Türk sanatına İslamiyetin kabulüyle giren yazılı süslemeyi İzmir’deki geç dönem Osmanlı camilerinde, mihrap, minber, giriş açıklıkları ve cihan yar-i Güzin panoları başta olmak üzere, duvardaki ayet, hadis veya sahabe isimlerinin

yer aldığı panolarda, inşa ve tamir kitabelerinde, pencere ve kemer alınlıklarında ve ayrıca bazı camilerin kubbe göbeğinde görmek mümkündür. İncelediğimiz camilerin yazılı süslemelerinde, sülüs hattın ağırlıklı kullanılmasının yanı sıra az

da olsa kufi ve aynalı yazı çeşitlerine de rastlanır.

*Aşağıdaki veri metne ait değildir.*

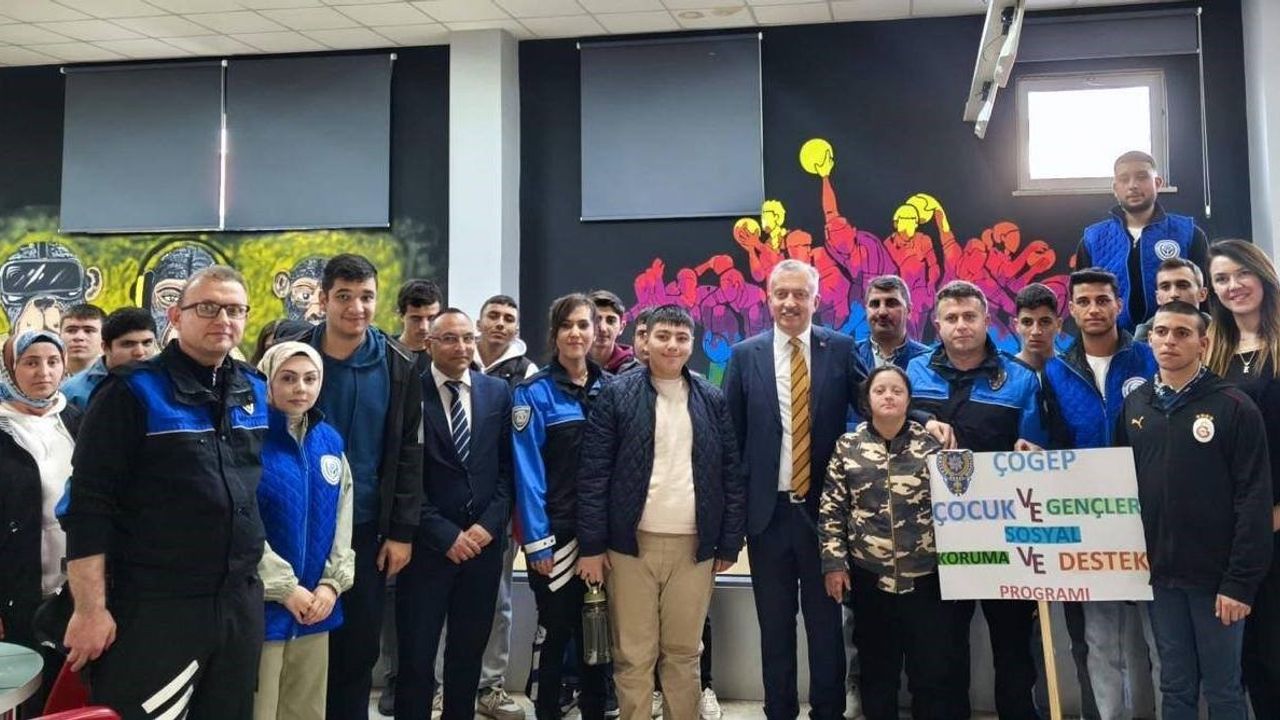 Erzincan'da Polislerden Özel Çocuklara Bowling Sürprizi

İzmir’deki Geç Dönem Osmanlı Camilerinde, giriş açıklıkları, mihrap,

minber ve cihan yar-i Güzin, ayet ve sahabe isimlerinin yer aldığı panolar ile

diğer pencere ve kemer alınlıklarındaki oval madalyonlar içindeki dini ibarelerde, inşa ve tamir kitabelerinde genellikle sülüs yazı kullanılmıştır. Bunun yanı sıra, Çorakkapı Camii’nin mihrabındaki ayet kitabeliğinde ince kıvrık dallar üzerinde gelişen rumi ve palmet motifleriyle yapılmış sülüs ve kufi yazının birlikte kullanıldığı yazılı süslemeler bu özelliğiyle diğerlerinden ayrılmaktadır.

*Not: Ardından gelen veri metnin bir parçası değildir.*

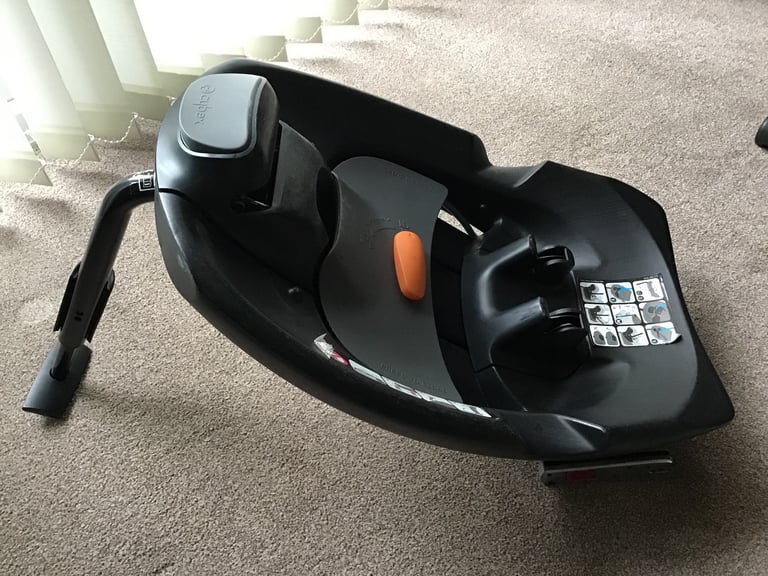 Cybex Cloud Q Car Seat in Dessert Khaki colour and isoFix base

Ancak kitabeliğin Selçuk’taki İsa Bey Camii’nden getirildiği bilinmektedir ve

değerlendirmeye alınmaması gerekir.

Celi sülüs hatlı yazılı süslemeyi ise; Eşrefpaşa ve Salepçioğlu camilerinin mükebbire pencerelerinin üzerindeki küçük rozet pencerelerde ve medrese çeşmelerinde, Hacı Mahmut camiinin giriş açıklığındaki üçgen alınlık içinde, Şadırvanaltı, Başdurak ve Damlacık camilerinin kubbe göbeğindeki yazılarda

görürüz. Aynalı hatla yapılmış yazılı süsleme ise sadece Hisar Camii’nin minber

giriş tacı üzerindeki metal levhaya işlenmiştir.